### [Work to complete]
An image-free, verbatim transcription of the records is the expected result.

BEGIN Source data

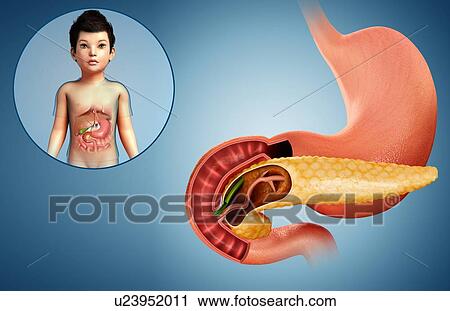 Stock Image - Child's duodenum and pancreas, illustration. Fotosearch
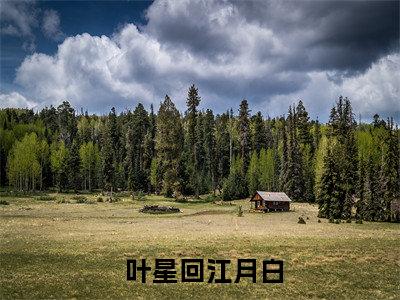 一见钟情：霸总他宠妻无度( 叶星回江月白)全文免费阅读_（ 叶星回江月白）小说一见钟情：霸总他宠妻无度最新章节阅读（一见钟情：霸总他宠妻无度）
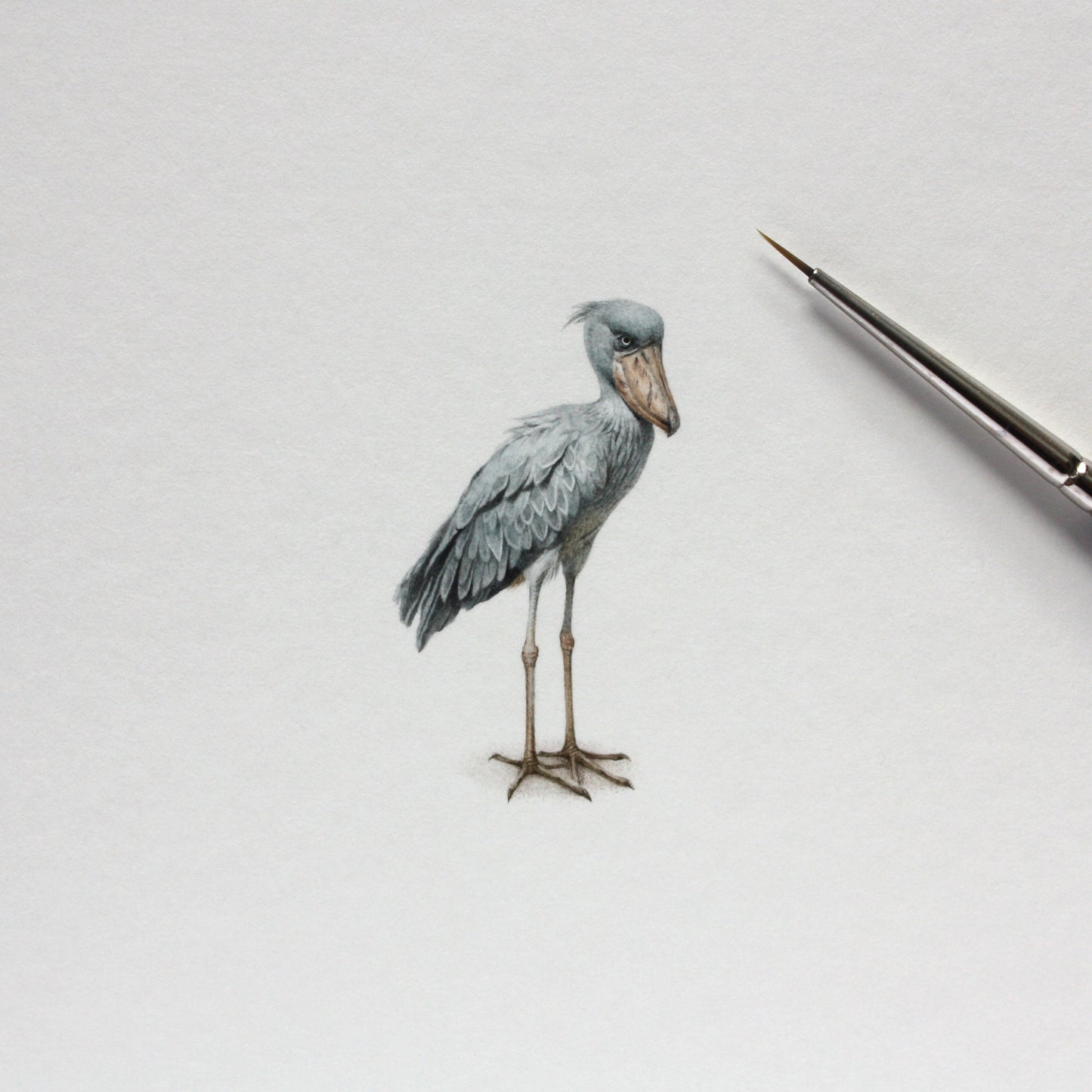 Shoebill bird. Print from original watercolor miniature painting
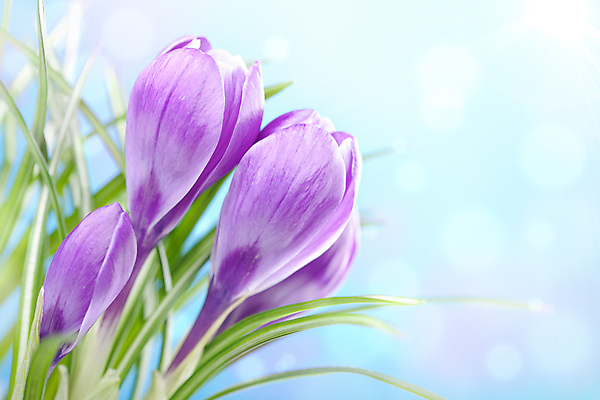 포토 JPG 해외이미지 나무 식물 계절 꽃잎 꽃 줄기 잎 꽃무늬 자연 사람없음 초록색 파란색 빛 태양 환경 정원 보라색 화목 침묵 봄 벚꽃 흰색 신선 제비꽃 생태계 부드러움 블러 생태학 취급주의 해외202004 해외포토 자연요소 교육 컬러 컨셉 무늬 경고 소리 감각 파일형식 이미지허브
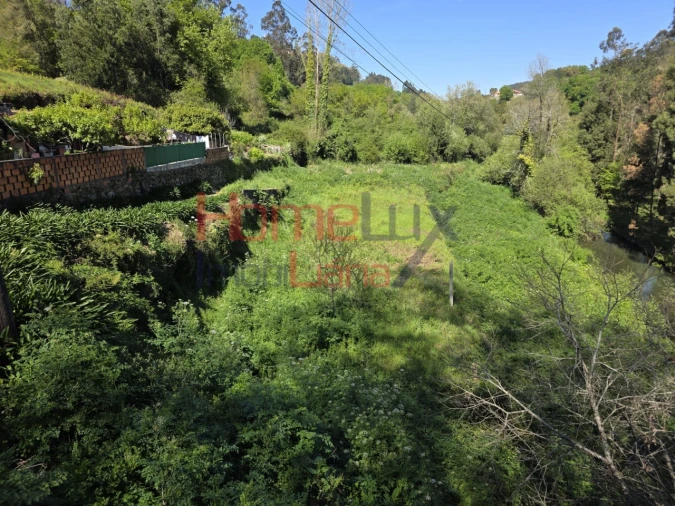Terreno Agricola ou Rústico para Venda em O. Azeméis, Riba-Ul, Ul, Macinhata Seixa, Madail Foto 2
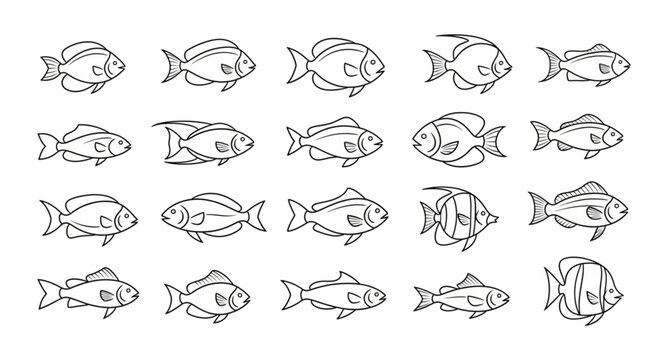 Variety of Different Fish Species.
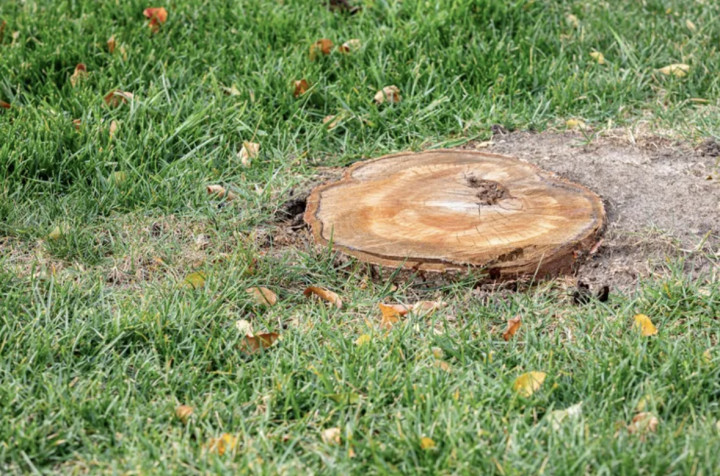 Cara Menghilangkan Tunggul Pohon di Halaman, Praktis, dan Nggak Ribet!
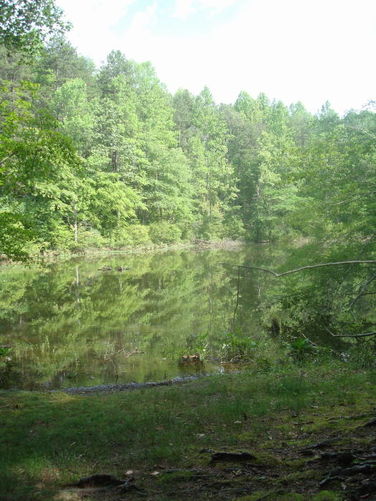 Picture 46 of Ivy Creek Hike 053011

END Source data

### [Exercise response]
 Stock Image - Child's duodenum and pancreas, illustration. Fotosearch
 一见钟情：霸总他宠妻无度( 叶星回江月白)全文免费阅读_（ 叶星回江月白）小说一见钟情：霸总他宠妻无度最新章节阅读（一见钟情：霸总他宠妻无度）
 Shoebill bird. Print from original watercolor miniature painting
 포토 JPG 해외이미지 나무 식물 계절 꽃잎 꽃 줄기 잎 꽃무늬 자연 사람없음 초록색 파란색 빛 태양 환경 정원 보라색 화목 침묵 봄 벚꽃 흰색 신선 제비꽃 생태계 부드러움 블러 생태학 취급주의 해외202004 해외포토 자연요소 교육 컬러 컨셉 무늬 경고 소리 감각 파일형식 이미지허브
Terreno Agricola ou Rústico para Venda em O. Azeméis, Riba-Ul, Ul, Macinhata Seixa, Madail Foto 2
 Variety of Different Fish Species.
 Cara Menghilangkan Tunggul Pohon di Halaman, Praktis, dan Nggak Ribet!
 Picture 46 of Ivy Creek Hike 053011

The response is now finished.